The following contains a summary of the BIS guidance so companies like Holmes’s can have a general idea of what to look for. A link to the guidance can be found here. The red flags in the guidance assume that a company understands its business or the use of the items it sells, so that during the transaction a light bulb goes off calling into question the actions of the other party. During the transaction pay attention to odd requests, and yes, do a gut check, or an intuition check, whatever you want to call just don’t go blind into it.
When negotiating pay attention to what is being said, ask what, where, when, who, how. Yes, those magical questions can convey a lot of information. You must pay attention to what is being said and not being said. And the BIS, raises this too, do not instruct your employees to tell your customers to not disclose to them what they intend to do with the items. Stranger events have happened, so don’t fall into the trap. Putting your head in the sand can get you just as much in trouble as it can knowing what’s about to happen. So, an act of omission is just as troublesome for a company as an act of commission. Speaking of commissions, your employee’s knowledge of a wrongdoing can be imputed to the company. It is important, therefore, to train the employees so they too know the implications of their actions for their own sake and the company’s sake.
Another aspect of the due diligence is list checking and fact checking. BIS publishes a consolidated screening list. That list contains entities that require a specific license for export, re-export, or transfer in country of specific items to the persons named in it. In addition, Holmes and his team need to check the Denied Parties List (DPL). A few words of distinction between the two lists are in order here: the entity list and the denied parties list are not the same. The denied parties list contains the names of parties that have been denied export and reexport privileges. Both lists are maintained by the Department of Commerce. Besides these Holmes and his team will need to check the Specially Designated Nationals and Blocked Persons List (the SDN list). This list is published by the Department of Treasury, the Office of Foreign Assets Control (OFAC). There are foreign policy objectives related to the SDN list and there are legal requirements different than the entity list.
Holmes and his team will need to have these lists on hand as it compiles all the information about the potential buyers. The main objective of this exercise is whether Holmes and Co. can do business with the identified parties. If those parties are on the list, it will be difficult for Holmes to do business with them. If he does do business with them, there will be a mess of undesirable consequences for the company and maybe some people, but we will not talk about it now, later we’ll touch on this aspect of enforcement in details, for now, let’s focus on the objective: make sure Holmes can do business with this people and fact check that who they say they are, is correct.
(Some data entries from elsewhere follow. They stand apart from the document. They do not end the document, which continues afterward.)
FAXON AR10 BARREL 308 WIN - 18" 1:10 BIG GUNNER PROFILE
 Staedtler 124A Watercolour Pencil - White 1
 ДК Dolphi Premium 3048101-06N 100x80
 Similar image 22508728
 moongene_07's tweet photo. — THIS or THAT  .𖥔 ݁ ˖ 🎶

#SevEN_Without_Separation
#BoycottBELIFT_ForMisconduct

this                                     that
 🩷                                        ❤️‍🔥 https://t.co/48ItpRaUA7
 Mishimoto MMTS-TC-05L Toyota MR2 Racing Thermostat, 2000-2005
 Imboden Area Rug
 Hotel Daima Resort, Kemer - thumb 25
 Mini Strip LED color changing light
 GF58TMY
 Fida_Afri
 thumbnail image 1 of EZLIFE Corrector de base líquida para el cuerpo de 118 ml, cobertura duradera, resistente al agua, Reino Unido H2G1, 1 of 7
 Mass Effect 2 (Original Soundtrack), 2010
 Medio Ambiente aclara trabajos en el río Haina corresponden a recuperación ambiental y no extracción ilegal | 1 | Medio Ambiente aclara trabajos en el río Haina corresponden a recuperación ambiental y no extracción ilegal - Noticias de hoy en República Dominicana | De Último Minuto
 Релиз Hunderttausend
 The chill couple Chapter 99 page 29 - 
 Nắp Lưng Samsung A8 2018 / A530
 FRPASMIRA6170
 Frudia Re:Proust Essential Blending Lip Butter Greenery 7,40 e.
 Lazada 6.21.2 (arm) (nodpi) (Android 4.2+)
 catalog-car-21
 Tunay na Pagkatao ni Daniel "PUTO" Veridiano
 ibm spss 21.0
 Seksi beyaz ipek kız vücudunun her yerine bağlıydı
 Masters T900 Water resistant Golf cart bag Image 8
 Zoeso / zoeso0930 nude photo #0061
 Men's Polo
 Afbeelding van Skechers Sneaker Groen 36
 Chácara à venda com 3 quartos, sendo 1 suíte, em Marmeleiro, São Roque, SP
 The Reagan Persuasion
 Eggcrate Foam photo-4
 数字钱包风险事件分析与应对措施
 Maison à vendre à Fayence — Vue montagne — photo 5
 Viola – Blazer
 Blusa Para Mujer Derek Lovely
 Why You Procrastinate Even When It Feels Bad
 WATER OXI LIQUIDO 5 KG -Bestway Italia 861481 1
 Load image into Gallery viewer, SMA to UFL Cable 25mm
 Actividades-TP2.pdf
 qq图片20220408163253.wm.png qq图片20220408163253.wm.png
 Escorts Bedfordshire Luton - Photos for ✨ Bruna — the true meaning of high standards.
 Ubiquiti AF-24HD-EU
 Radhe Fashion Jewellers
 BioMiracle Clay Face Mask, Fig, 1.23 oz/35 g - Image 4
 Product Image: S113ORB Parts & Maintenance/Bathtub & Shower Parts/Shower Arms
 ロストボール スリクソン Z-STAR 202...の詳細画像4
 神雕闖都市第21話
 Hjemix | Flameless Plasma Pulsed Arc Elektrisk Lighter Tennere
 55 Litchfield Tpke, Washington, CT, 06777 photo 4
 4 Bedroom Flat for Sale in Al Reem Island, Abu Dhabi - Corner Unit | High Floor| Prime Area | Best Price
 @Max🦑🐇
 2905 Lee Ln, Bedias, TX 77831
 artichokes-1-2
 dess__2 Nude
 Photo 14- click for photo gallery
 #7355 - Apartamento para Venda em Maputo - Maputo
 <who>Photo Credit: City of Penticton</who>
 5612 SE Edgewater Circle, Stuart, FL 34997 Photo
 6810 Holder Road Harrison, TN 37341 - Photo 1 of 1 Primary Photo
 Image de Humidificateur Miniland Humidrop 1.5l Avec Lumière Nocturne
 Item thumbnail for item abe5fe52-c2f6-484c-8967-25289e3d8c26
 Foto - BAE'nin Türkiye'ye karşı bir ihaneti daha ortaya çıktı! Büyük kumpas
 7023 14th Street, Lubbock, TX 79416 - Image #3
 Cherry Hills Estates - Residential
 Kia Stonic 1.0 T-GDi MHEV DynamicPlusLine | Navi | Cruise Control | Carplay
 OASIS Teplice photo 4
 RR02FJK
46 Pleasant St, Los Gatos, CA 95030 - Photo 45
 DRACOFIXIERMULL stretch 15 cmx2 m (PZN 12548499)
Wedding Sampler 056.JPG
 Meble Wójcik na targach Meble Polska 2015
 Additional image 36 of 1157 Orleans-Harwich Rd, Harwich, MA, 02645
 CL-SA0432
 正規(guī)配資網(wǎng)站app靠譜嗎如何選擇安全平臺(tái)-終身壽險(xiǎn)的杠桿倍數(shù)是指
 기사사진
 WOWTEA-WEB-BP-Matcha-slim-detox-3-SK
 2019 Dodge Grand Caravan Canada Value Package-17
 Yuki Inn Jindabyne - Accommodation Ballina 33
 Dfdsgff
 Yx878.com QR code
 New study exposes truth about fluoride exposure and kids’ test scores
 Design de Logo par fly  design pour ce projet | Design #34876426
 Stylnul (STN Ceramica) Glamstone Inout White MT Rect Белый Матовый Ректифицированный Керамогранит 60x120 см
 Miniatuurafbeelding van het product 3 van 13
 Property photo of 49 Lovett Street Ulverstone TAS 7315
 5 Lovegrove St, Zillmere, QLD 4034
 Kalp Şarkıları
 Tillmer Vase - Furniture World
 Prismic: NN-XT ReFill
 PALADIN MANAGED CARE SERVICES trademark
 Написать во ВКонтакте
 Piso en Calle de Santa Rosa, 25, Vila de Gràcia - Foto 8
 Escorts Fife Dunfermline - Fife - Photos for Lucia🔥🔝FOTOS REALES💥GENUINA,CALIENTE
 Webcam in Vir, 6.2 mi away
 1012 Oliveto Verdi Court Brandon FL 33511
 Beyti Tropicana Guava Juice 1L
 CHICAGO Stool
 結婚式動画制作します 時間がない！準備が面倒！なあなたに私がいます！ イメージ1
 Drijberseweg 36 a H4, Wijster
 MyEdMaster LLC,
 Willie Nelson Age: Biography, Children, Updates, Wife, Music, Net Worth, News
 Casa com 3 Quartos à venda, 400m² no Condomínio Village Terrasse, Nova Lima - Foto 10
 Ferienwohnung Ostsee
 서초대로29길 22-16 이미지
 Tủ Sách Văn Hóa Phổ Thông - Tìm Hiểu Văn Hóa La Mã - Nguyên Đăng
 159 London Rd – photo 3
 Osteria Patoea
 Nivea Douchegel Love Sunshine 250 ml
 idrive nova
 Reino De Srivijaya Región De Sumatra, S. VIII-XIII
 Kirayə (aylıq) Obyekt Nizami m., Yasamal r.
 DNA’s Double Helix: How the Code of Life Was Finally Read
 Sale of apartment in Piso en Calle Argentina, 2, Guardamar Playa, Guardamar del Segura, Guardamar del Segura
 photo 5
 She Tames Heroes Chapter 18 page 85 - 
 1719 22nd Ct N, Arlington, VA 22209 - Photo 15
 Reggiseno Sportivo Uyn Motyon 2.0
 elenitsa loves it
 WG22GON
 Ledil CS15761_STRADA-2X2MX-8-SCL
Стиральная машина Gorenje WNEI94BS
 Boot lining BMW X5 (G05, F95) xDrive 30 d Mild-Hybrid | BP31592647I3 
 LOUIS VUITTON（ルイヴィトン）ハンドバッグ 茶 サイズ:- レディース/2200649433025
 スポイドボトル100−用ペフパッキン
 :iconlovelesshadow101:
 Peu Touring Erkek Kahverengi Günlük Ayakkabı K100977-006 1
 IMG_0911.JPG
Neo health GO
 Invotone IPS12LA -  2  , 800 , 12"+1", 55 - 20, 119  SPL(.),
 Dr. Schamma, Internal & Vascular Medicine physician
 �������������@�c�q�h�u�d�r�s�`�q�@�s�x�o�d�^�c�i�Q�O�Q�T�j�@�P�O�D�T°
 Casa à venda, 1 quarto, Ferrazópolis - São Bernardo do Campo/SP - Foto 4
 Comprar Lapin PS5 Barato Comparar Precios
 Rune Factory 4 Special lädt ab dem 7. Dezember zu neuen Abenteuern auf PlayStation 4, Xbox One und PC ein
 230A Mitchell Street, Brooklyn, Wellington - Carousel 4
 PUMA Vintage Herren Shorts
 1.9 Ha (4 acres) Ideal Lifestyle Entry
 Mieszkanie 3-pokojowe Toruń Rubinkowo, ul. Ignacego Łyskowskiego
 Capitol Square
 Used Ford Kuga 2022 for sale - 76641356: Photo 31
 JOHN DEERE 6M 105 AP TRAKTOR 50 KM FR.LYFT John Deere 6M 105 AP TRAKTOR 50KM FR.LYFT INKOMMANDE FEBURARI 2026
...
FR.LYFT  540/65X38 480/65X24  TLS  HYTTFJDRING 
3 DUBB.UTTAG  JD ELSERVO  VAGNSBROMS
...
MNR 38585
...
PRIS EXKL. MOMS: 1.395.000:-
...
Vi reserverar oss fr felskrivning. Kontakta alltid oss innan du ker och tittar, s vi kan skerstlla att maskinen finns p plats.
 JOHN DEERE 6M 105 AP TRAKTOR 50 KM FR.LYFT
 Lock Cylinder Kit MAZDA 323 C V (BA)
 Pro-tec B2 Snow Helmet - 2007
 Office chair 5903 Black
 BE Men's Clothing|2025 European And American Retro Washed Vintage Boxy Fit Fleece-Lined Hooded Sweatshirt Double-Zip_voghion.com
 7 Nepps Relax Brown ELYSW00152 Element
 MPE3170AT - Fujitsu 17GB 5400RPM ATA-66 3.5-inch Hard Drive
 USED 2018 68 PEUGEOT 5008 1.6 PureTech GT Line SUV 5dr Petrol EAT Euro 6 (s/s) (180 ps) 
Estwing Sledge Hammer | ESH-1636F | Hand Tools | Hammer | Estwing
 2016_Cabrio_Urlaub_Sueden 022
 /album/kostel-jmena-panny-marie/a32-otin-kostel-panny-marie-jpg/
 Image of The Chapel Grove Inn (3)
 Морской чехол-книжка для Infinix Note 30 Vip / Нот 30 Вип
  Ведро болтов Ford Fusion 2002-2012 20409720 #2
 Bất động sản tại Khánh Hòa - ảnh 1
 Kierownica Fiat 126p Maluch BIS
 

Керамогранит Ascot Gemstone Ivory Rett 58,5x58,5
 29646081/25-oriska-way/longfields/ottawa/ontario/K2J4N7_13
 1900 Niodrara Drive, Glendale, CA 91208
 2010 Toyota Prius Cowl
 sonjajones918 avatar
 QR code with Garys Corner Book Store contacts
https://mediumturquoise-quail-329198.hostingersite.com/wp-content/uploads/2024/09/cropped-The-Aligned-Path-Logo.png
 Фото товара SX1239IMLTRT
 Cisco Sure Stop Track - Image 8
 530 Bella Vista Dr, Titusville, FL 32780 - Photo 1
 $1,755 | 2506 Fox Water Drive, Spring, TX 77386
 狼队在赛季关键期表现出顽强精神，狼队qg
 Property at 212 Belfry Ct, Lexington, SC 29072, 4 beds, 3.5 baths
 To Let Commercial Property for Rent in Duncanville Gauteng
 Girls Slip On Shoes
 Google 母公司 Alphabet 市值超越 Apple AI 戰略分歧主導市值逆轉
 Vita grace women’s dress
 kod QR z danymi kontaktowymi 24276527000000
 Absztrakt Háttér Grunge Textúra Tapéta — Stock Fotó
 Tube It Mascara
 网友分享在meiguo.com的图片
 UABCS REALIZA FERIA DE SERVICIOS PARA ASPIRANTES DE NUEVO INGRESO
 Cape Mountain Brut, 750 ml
Holmes job to do the due diligence doesn’t stop with only the customer, the entity of that customer. Holmes has to think about the chain of events and the people or entities involved to bring its product from his location to locations around the world. Due diligence, therefore, will extend to freight forwarders, end users, buyers, ultimate consignees, and intermediate consignees.
Clarifications about consignees, freight forwarders, parties to the transaction are in order here: In an export transaction the ultimate consignee is the principal party in interest located abroad who receives the exported or reexported items. 15 CFR § 748.5(e). Whereas an intermediate consignee is a person or entity in the foreign country who acts as an agent for the principal party in interest to effect delivery of items to the ultimate consignee. Freight forwarders are responsible for the logistics and transportation of cargo.
Parties to the transaction are also the principal parties in interest: the U.S. principal party in interest (“USPPI”) and the foreign principal party in interest (“FPPI”). The USPPI is the person or legal entity in the United States that receives the primary benefit, monetary or otherwise, from an export transaction. The FPPI is the party receiving the goods being exported from the United States. So, these is the consignee listed as the consignee on the House Bill of Lading. These terms are important to understand both for due diligence purpose and for the transaction in general.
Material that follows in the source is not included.